=== Provided records ===
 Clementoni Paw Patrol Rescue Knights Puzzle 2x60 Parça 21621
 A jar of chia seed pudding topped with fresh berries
===
=== Provided records ===
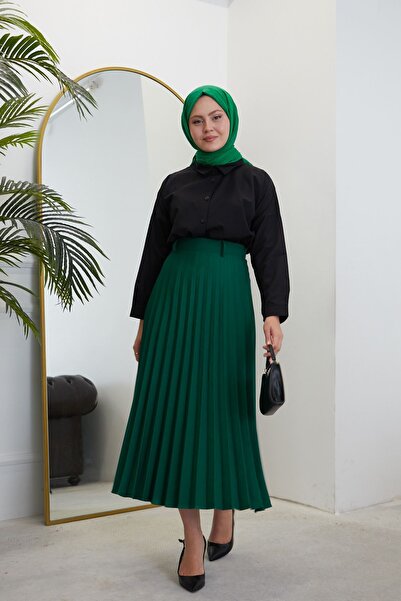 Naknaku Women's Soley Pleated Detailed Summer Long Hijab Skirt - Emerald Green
===
Goal of the exercise: Please transcribe exactly the lines above from the line that has "Clementoni Paw Patrol" up to and including the line that has "A jar of chia"; no other line belongs in the answer.

Expected output:
 Clementoni Paw Patrol Rescue Knights Puzzle 2x60 Parça 21621
 A jar of chia seed pudding topped with fresh berries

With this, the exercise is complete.